Three Awesome Indy Motorcycle Movies
The advent of inexpensive, high quality, lightweight video equipment like the Canon and Nikon lines of 1080p cameras and the GoProHD has spurred a renaissance in motorcycle movie production. Couple that with the built-in promotional machine that is the Internet, and you have the formula for independent movie production on a massive and highly democratic scale.
Riders, bike builders and artists are no longer dependent on the production infrastructure that once held movie makers back and left them swinging in the breeze while praying for funds. Directors can now put together proof-of-concept pieces to help them generate budgets or just help defray the cost of beer and gasoline as they make their masterpieces.
You may not find all these works particularly professional or engaging, but you should at least admire the amount of hard work, creativity and tender loving care that went into the production of these highly entertaining and ambitious productions.

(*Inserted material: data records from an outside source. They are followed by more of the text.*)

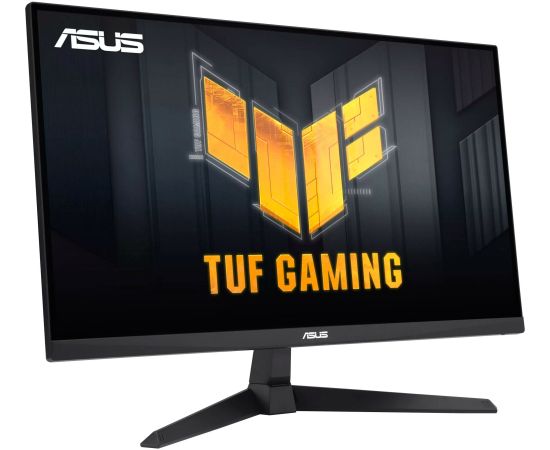 ASUS TUF Gaming VG279QE5A, gaming monitor - 27 -  black, FullHD, IPS, Adaptive-Sync, ELMB synchronization, 146Hz panel
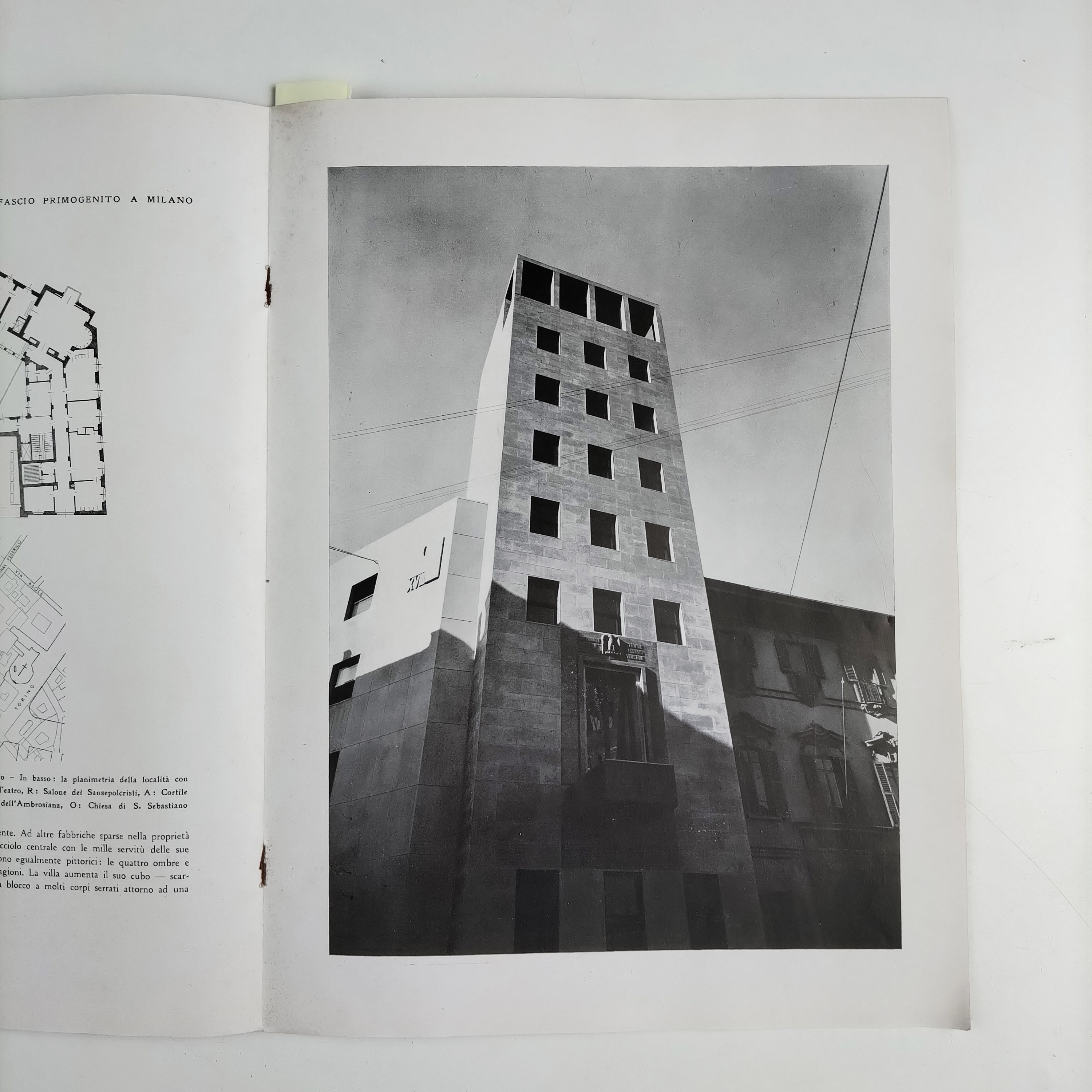 di mano in mano libri architettura anni '30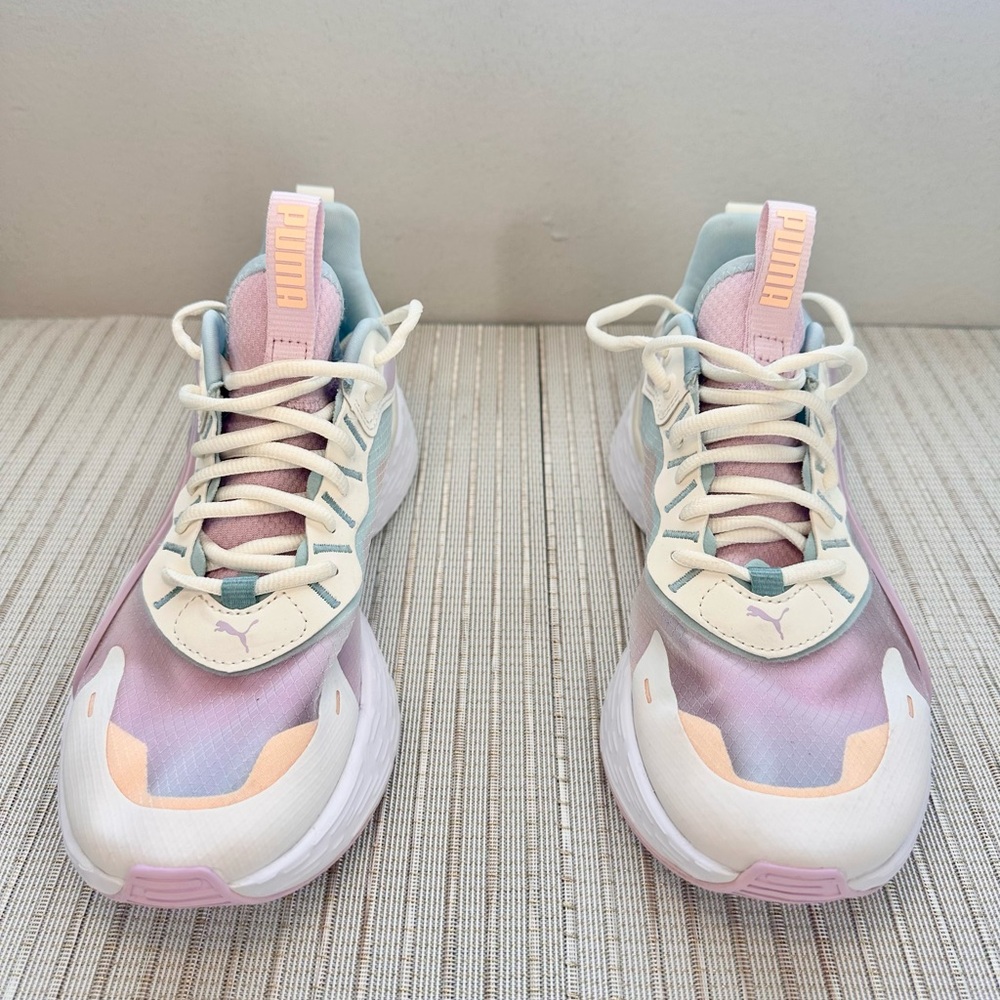 PUMA Softride Women’s Running Shoes Multicolor Pastel Size 8.5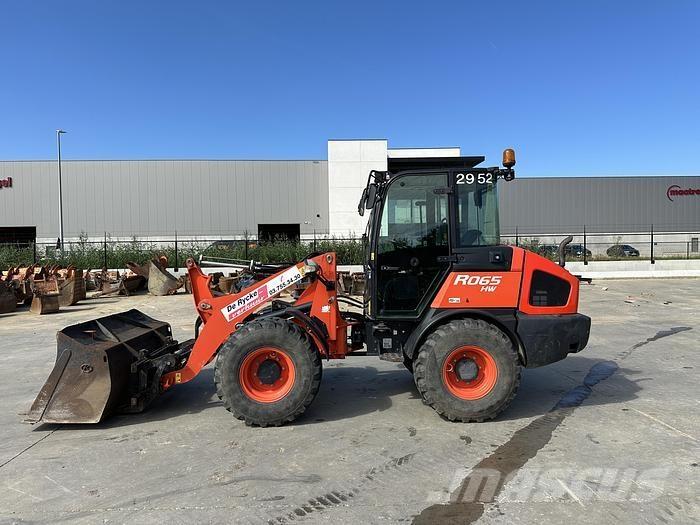 Kubota R065W Cargadoras sobre ruedas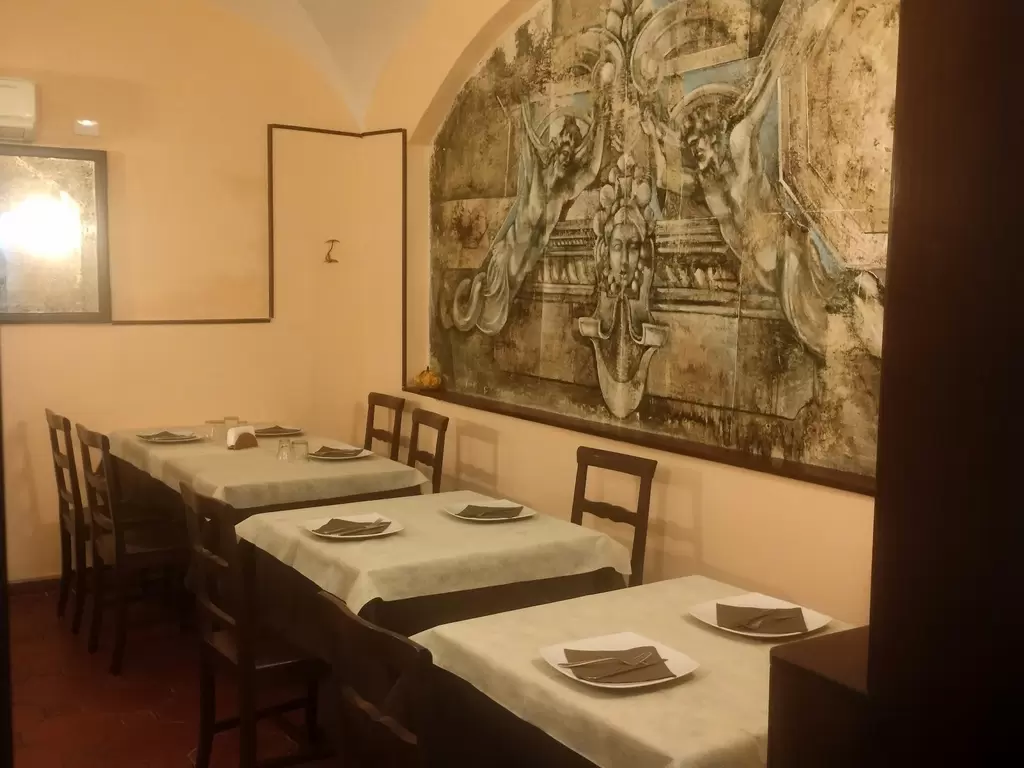 Trattoria In Vino Veritas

Suddenly, anyone with a few hundred dollars and time on their hands can make the motorcycle movie of their dreams, and as the technology falls in price movie makers continue to share their post production wizardry, the techniques which go into making the small motorcycle movies will be disseminated to the masses yearning to ride free, and as they are, the production values and professionalism of the output will head straight through the roof.
Scott Toepfer started a photo journal project, “It’s Better in the Wind,” which has since become a series of movies about motorcycles and riding life.
The second film, and it’s a work in progress looking for investors, is directed and shot by DeVaughn Hughson and edited by Gabe Moscovitz and purports to be and insider’s look at the hardcore lifestyle, one-percenter lifestyle of the men who make up the oldest all black motorcycle club in America.
Outcast Forever calls itself a “backseat ride into the world of these self-proclaimed outlaw bikers, the close brotherhood and the wild lifestyle of an Outcast member.”
The Outcast Motorcycle Club was originally formed in November of 1969 in Detroit, Michigan on Woodrow Wilson Boulevard when men put together an all Black male Motorcycle Club.
Last but not least, a group of Frenchmen put together Riding September, a tone poem to those who love to ride and wrench on their machines and see the world from the saddle of a motorcycle.